Every time I walk down Cates Avenue and turn onto Morrill Drive, I get sleepy. The lackadaisical hum of slow-moving machinery or, at times the unsettling stillness, has the power to lull anyone into a stupor.
A stupor has, apparently, engulfed the plans for renovating the former Derr Track area.
The Curtis and Jacqueline Dail Softball Stadium is still under construction. Still.
The original deadline has been pushed back several times, and the project that was originally supposed to be done before the softball season began this spring will not be finished until the fall 2007 semester.
Construction appears unhurried. Slowly but surely, progress is being made, but there is a lack of inherent motivation. There is no drive.
If the plans were for a men’s basketball arena, it would be done by now.
The seniors on the softball team — who helped begin the N.C. State softball program — will graduate this year without having a true home stadium. They will leave their legacy on the field at Walnut Creek, a 20-minute drive away from campus in downtown Raleigh.
Track and field is also at the mercy of construction as the men’s and women’s teams are forced to run on foreign surfaces, in Reynolds or on grassy fields.
There has been great anticipation within the University’s athletic community surrounding the construction of the new facilities, and rightly so. But that anticipation has not spread to the student body at-large as complications have time and again averted the finished product.
It’s a grand ideal, this new stadium and track, but why has it taken so long to build? The answer is no go-juice — passion.
As with any major project, there is the inevitable administrative red tape: the slow, tedious processes of working with a variety of people — contractors, architects, boards that must approve plans. As with any project, there will be complications and setbacks, and while the boards may finally approve the plans, Mother Nature sometimes disagrees.
But a fire needs to be lit under this project. Where does this fire start? With the administration? With students? The correct answer is all of the above. We need a vision that everyone involved — especially students — can get excited about.

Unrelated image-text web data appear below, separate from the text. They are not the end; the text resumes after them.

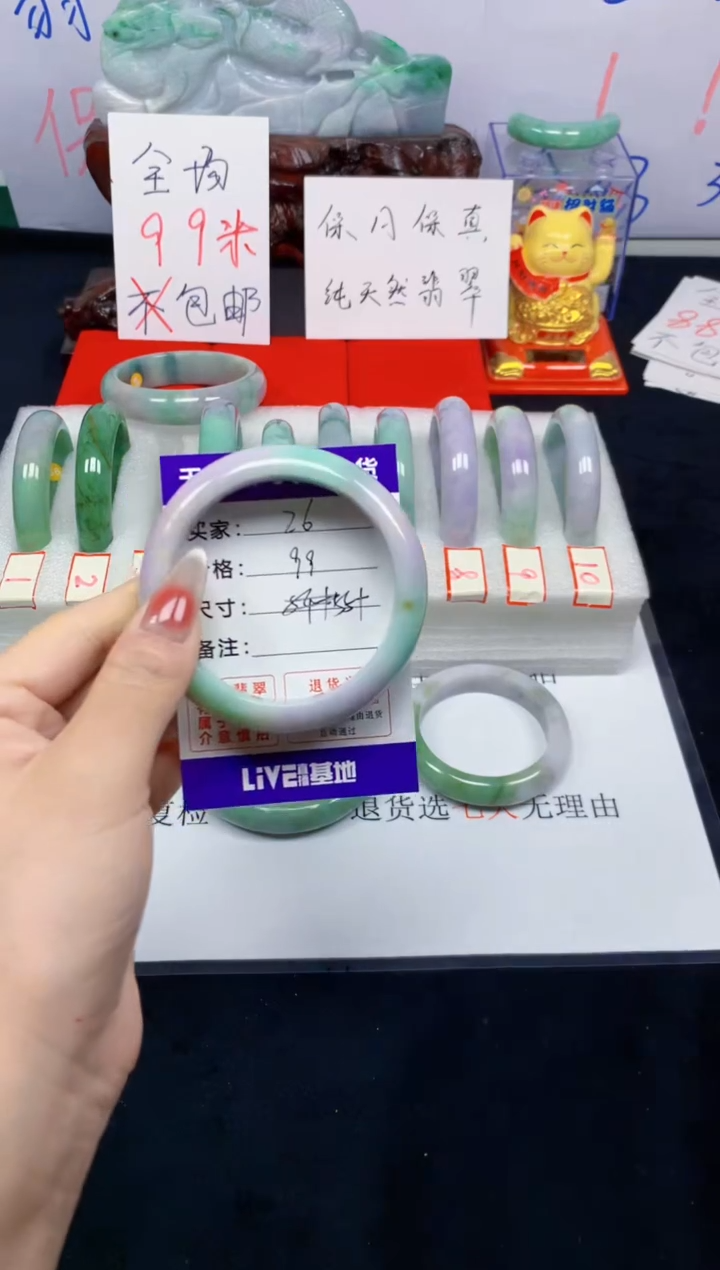 未镶嵌手镯翡翠26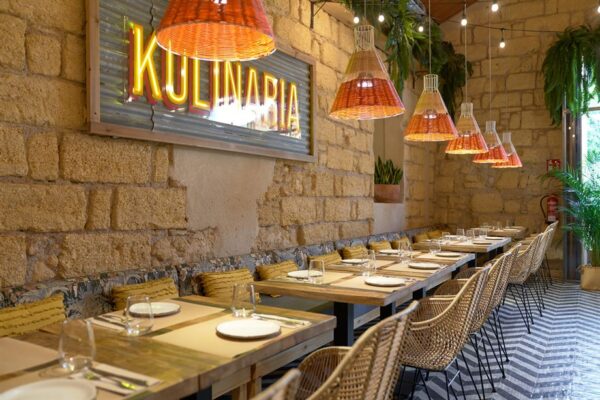 La Cantina Kulinaria un proyecto de interiorismo del equipo de MisterWils. En el mes de julio abrió sus puertas en Osuna La Cantina Kulinaria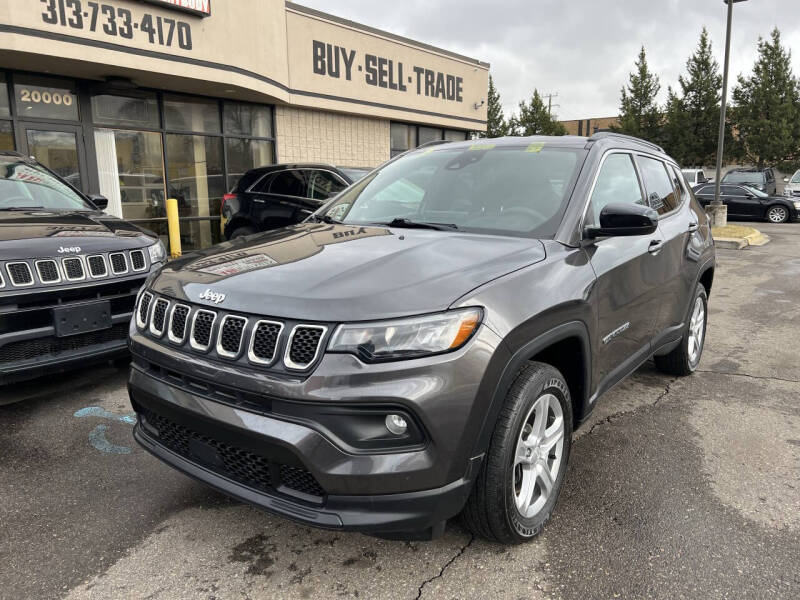 2023 Jeep Compass Altitude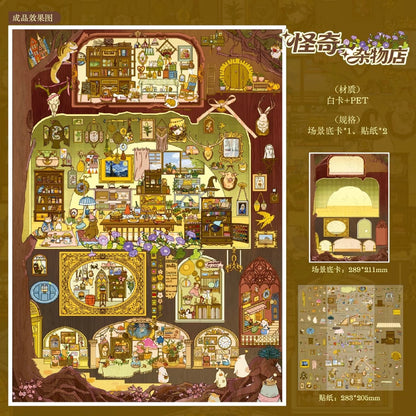 Gingerbread Christmas Town Gingerbread Christmas Town - L
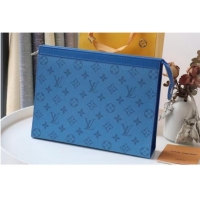 Top Grade Louis Vuitton POCHETTE VOYAGE MM M30761 Blue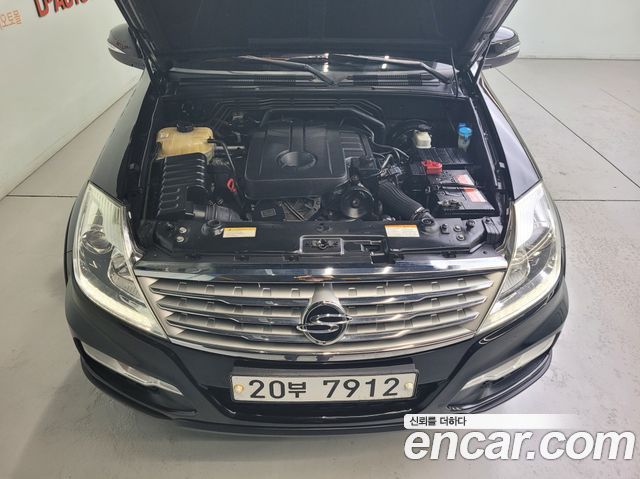 KG Mobility (SsangYong) Rexton W 2.0 4WD RX7 Luxury 2015 — фото 9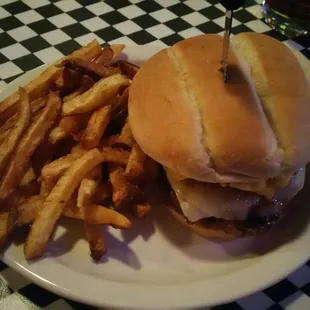 Surf and Turf Burger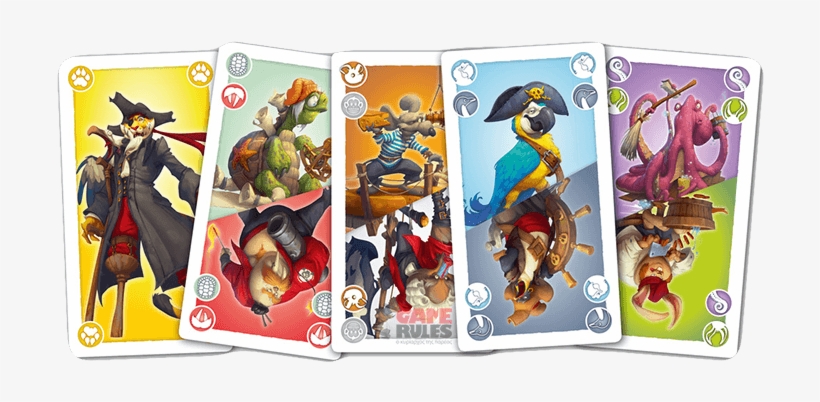 Pinapirata-car - Iello Pina Pirata Board Game, transparent png download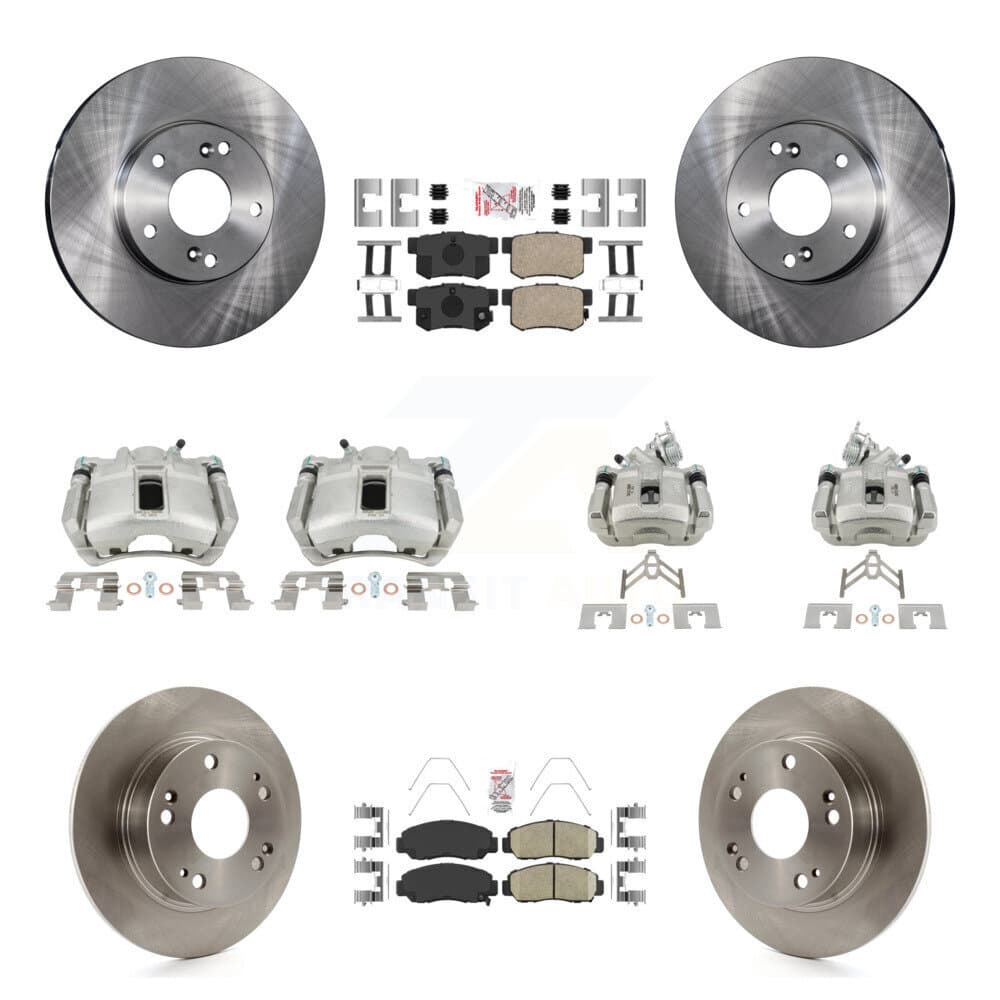 Transit Auto - KC8-103053N - Front and Rear Disc Brake Kits image 1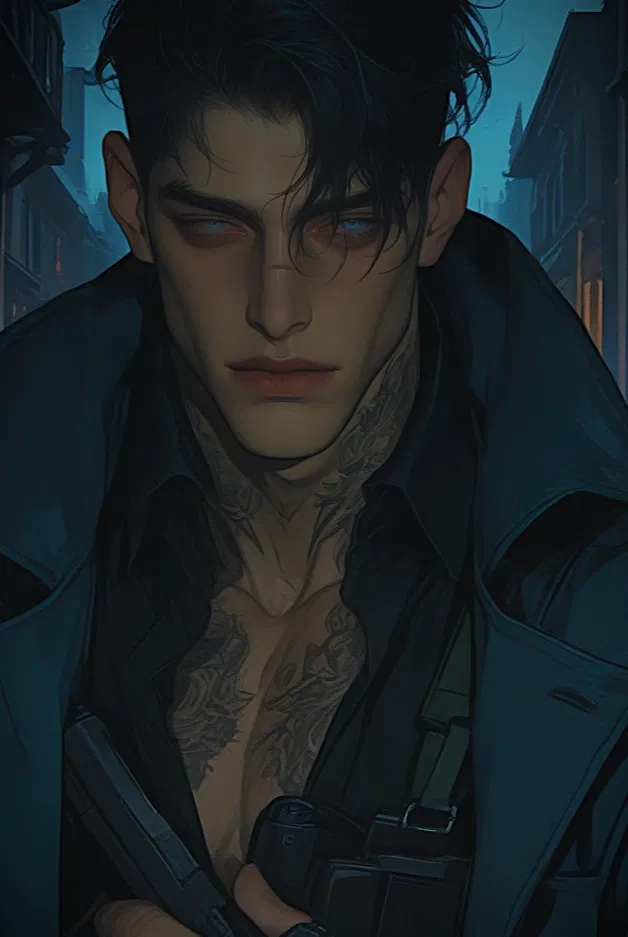 Avatar of Aleric Voss | 'The Silver Hound' | The Darkline Regime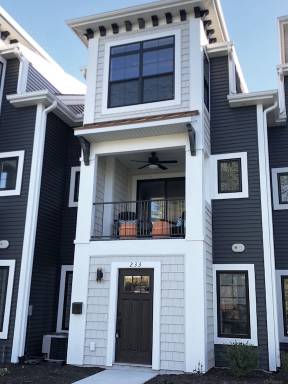 Condo Balcony Ferrysburg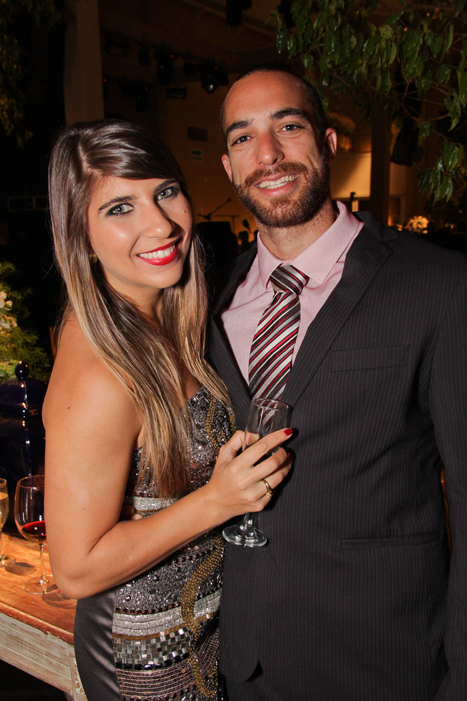 Carol Rocha e Rodrigo Porto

Many students don’t understand the implications of the new facility. How can they if there is no apparent reason to get excited about this new possible facet of student life because the project is moving so slowly? Students look at the gradual growth of this Olympic-caliber stadium and track and think, “Well, if it were important, there would be more progress.”
The new facility is something to get excited about. Let’s move it along then. Let’s get the party started. This is like sleeping in on Christmas — we’re getting something really great this year! Why are we staying in bed?